Locating regions in a sequence under density constraints

TL;DR

This paper introduces efficient algorithms for locating sequence regions with density constraints, significantly improving speed and memory usage over previous methods, enabling analysis of much longer biological sequences.

Contribution

The authors develop the first linear-time algorithm for finding the longest such substring and faster algorithms for related problems, surpassing prior O(n log n) solutions.

Findings

Algorithms run in O(n) and O(n log log n) time, faster than previous methods.

Practical tests show reduced memory use and ability to process longer sequences.

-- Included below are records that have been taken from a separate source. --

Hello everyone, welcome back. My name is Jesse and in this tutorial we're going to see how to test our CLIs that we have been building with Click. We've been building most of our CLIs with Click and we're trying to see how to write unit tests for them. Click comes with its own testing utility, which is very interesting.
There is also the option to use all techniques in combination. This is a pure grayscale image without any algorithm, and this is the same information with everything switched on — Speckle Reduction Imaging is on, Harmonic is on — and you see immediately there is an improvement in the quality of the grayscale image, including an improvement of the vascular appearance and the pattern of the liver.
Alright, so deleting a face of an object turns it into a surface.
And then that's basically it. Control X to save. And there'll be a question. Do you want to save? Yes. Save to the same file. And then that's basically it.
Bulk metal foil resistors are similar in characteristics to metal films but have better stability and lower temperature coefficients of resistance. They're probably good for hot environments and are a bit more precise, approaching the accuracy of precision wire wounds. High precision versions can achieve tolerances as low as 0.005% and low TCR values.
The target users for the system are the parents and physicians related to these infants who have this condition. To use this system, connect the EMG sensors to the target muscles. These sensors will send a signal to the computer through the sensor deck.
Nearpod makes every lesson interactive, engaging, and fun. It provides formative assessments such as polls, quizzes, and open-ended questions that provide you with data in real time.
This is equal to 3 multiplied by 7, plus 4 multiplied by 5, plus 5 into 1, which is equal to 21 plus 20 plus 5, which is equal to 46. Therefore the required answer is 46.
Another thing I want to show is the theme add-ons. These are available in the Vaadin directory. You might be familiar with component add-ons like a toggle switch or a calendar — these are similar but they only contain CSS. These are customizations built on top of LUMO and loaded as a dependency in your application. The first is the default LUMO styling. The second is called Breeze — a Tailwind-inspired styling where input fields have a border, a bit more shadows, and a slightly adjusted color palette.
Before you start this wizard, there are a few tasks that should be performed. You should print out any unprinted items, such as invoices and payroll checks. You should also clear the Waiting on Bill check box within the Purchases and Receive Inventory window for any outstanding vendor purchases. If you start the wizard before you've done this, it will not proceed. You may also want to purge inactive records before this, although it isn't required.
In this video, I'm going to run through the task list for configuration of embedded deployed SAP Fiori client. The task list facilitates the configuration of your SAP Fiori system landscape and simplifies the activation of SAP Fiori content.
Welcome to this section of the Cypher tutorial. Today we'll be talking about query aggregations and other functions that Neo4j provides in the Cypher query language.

New algorithms outperform existing solutions in speed and efficiency.

Abstract

Several biological problems require the identification of regions in a sequence where some feature occurs within a target density range: examples including the location of GC-rich regions, identification of CpG islands, and sequence matching. Mathematically, this corresponds to searching a string of 0s and 1s for a substring whose relative proportion of 1s lies between given lower and upper bounds. We consider the algorithmic problem of locating the longest such substring, as well as other related problems (such as finding the shortest substring or a maximal set of disjoint substrings). For locating the longest such substring, we develop an algorithm that runs in O(n) time, improving upon the previous best-known O(n log n) result. For the related problems we develop O(n log log n) algorithms, again improving upon the best-known O(n log n) results. Practical testing verifies that our new algorithms enjoy significantly smaller time and memory footprints, and can process sequences that are orders of magnitude longer as a result.